---------- DATASET CONTENT ----------
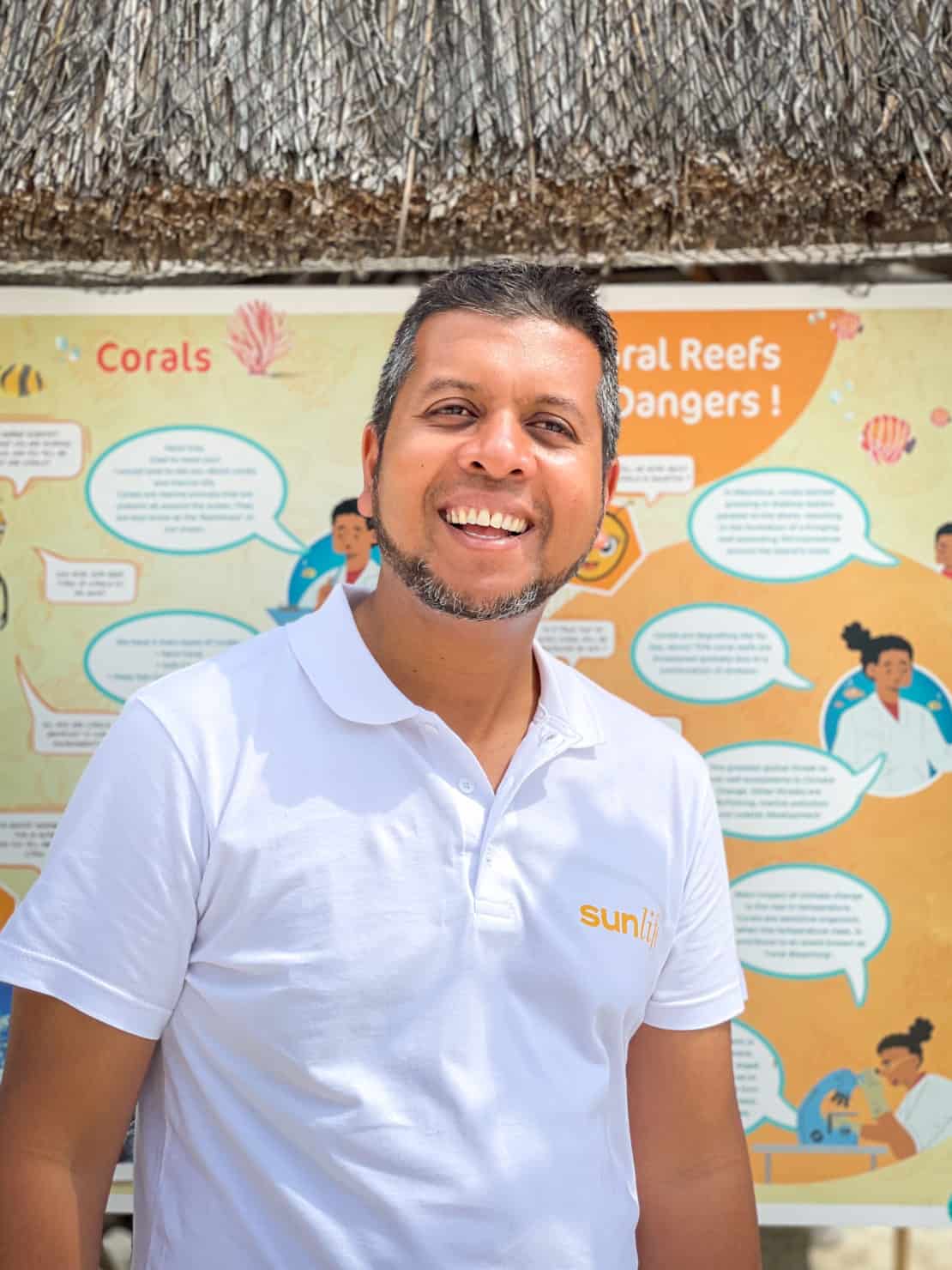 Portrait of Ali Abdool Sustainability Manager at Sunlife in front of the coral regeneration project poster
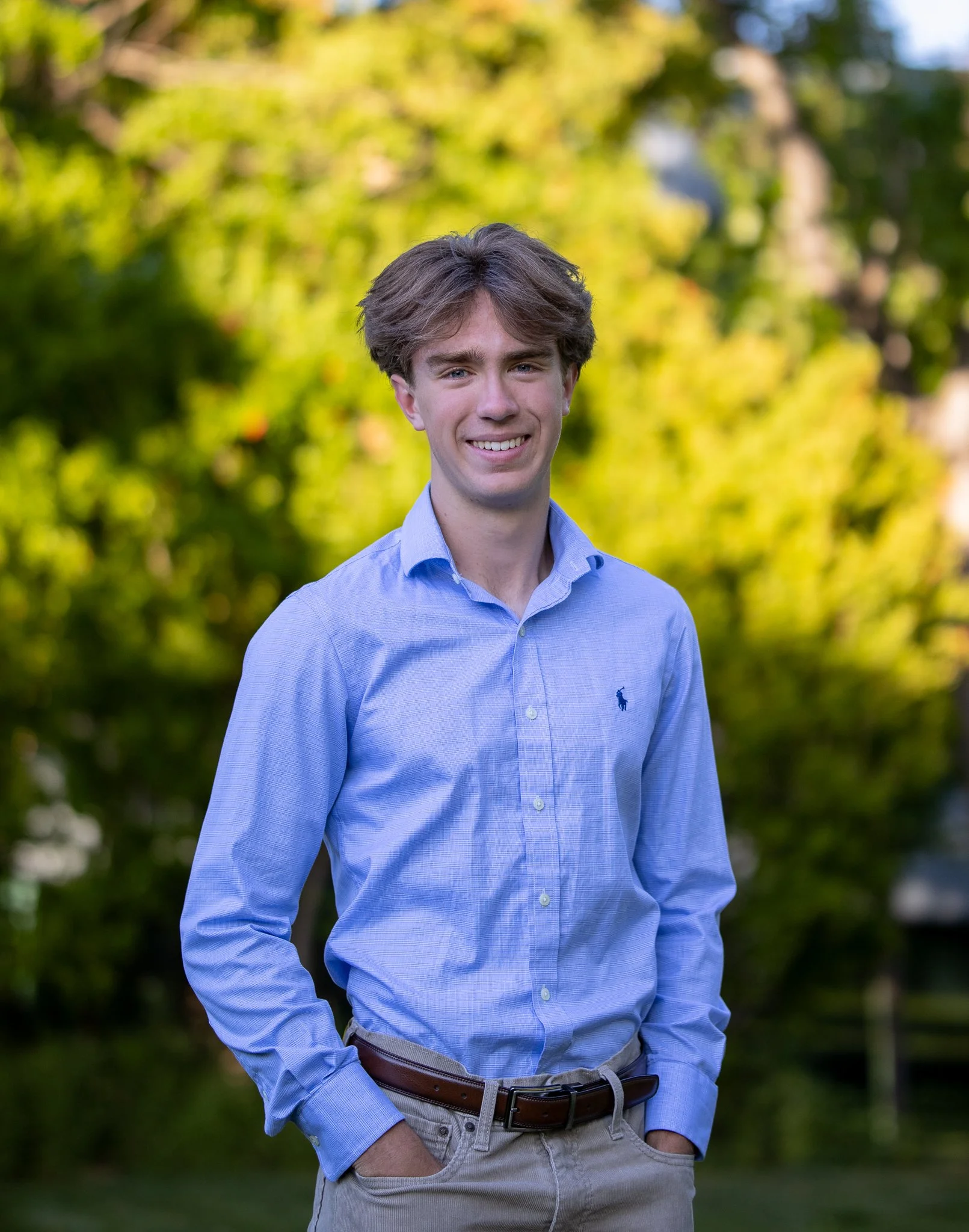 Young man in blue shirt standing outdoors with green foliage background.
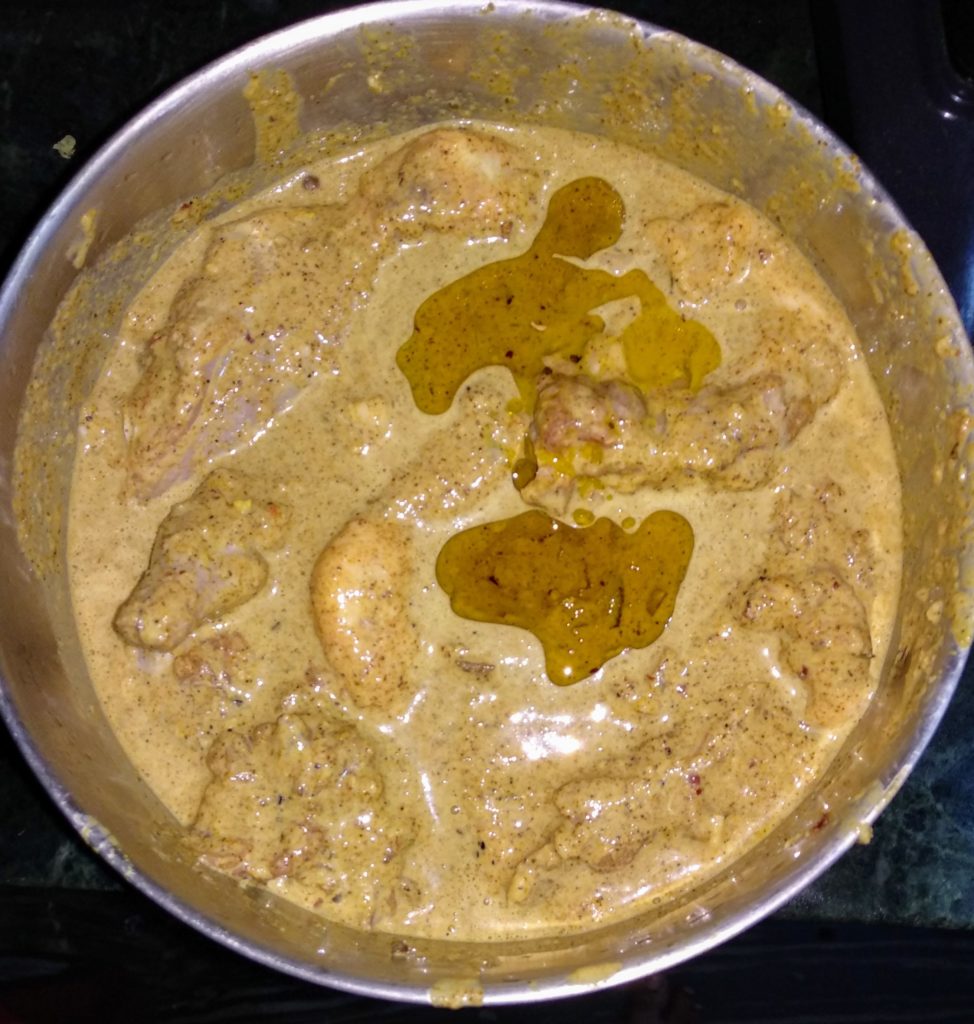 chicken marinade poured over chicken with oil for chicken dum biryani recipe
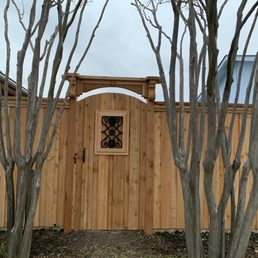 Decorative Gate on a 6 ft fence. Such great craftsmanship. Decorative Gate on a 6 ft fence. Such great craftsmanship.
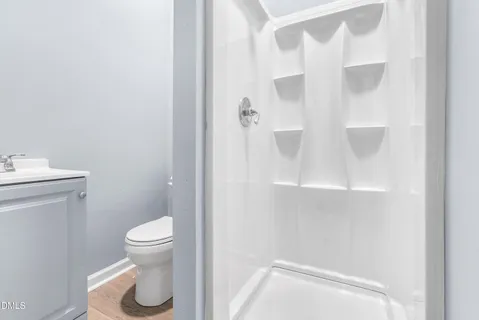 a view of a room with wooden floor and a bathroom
----------
---------- DATASET CONTENT ----------
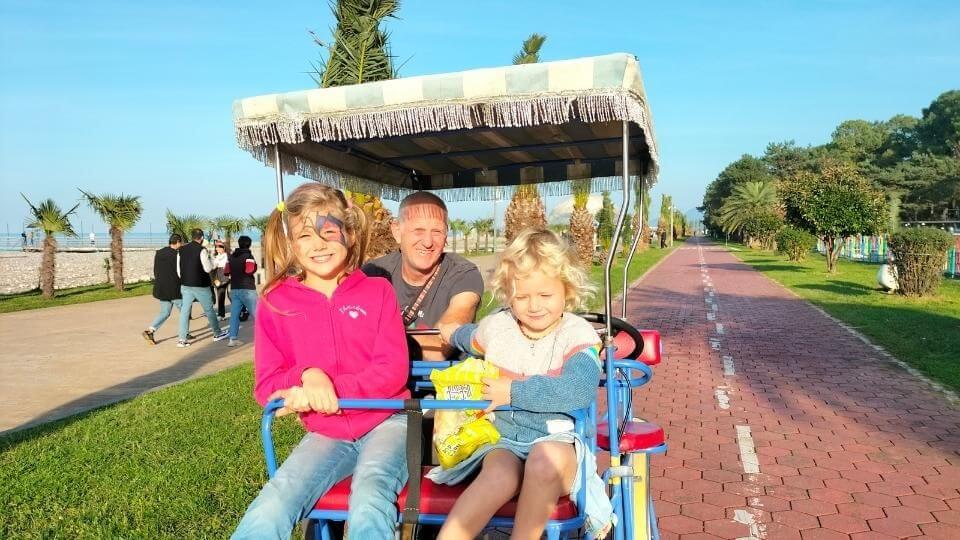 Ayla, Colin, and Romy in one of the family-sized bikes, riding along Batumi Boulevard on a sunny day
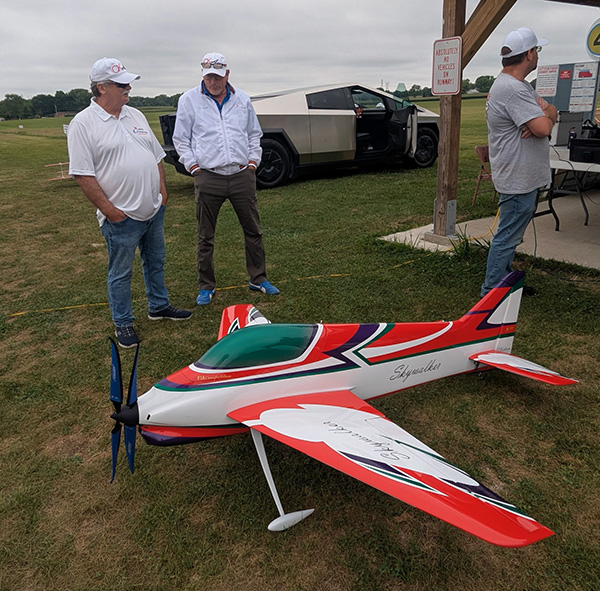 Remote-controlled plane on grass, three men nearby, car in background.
----------
Give back exactly, and solely, the section of the data above bounded by the line containing "Ayla, Colin, and" and the line containing "Remote-controlled plane on", both bounding lines included and pictures omitted.

 Ayla, Colin, and Romy in one of the family-sized bikes, riding along Batumi Boulevard on a sunny day
 Remote-controlled plane on grass, three men nearby, car in background.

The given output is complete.